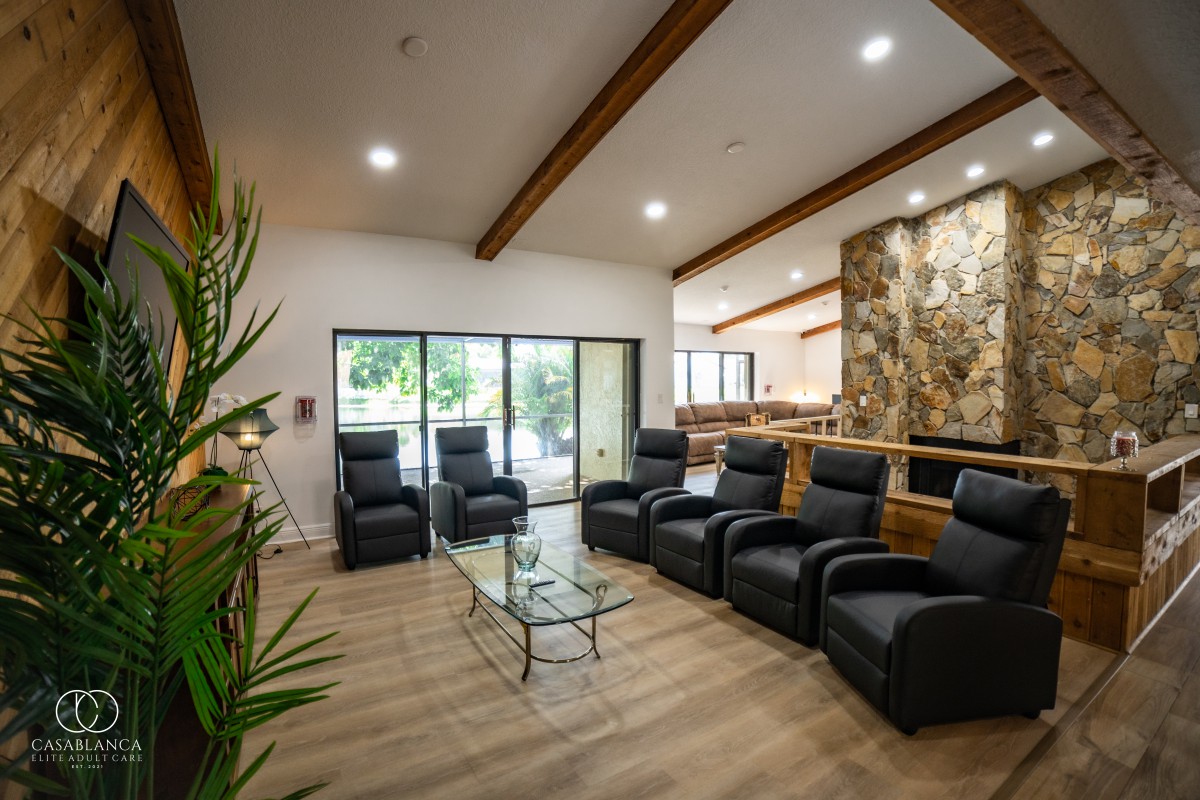 A modern living room featuring leather seating, a glass coffee table, and decorative wooden beams.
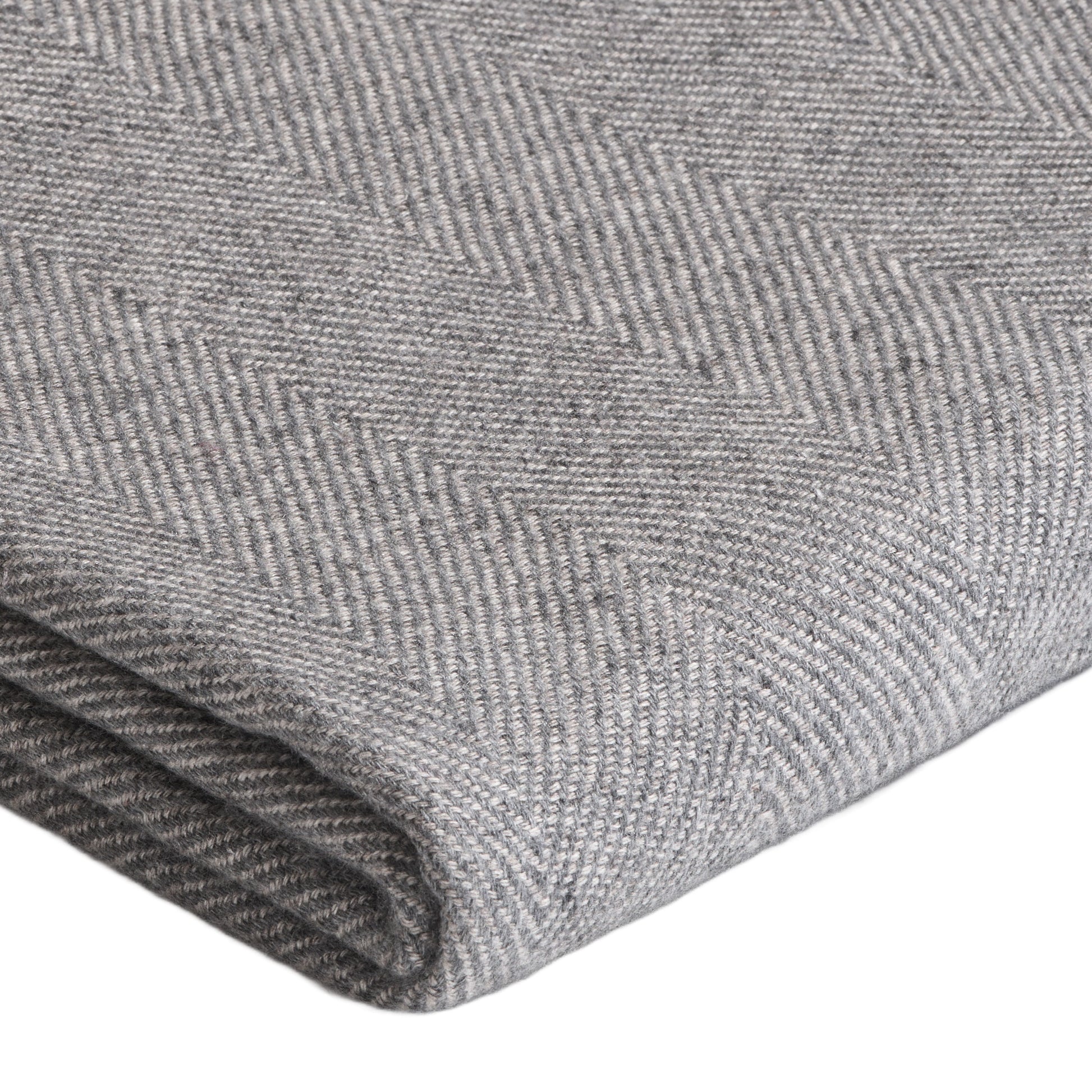 Custom cashmere blanket inspired by Himalayan heritage, crafted with traditional craftsmanship and modern luxury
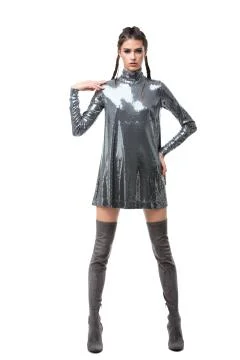 Lady thoughtfully looking in camera wearing dress in sequins and knee high boots Stock Photos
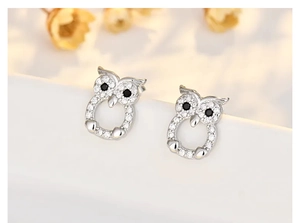 Detailed view of silver owl stud earrings with sparkling white and black cubic zirconia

- - - - -

**Work to be completed**
With the pictures removed, set down every line of the listing above exactly.

**Exercise response**
 A modern living room featuring leather seating, a glass coffee table, and decorative wooden beams.
 Custom cashmere blanket inspired by Himalayan heritage, crafted with traditional craftsmanship and modern luxury
 Lady thoughtfully looking in camera wearing dress in sequins and knee high boots Stock Photos
 Detailed view of silver owl stud earrings with sparkling white and black cubic zirconia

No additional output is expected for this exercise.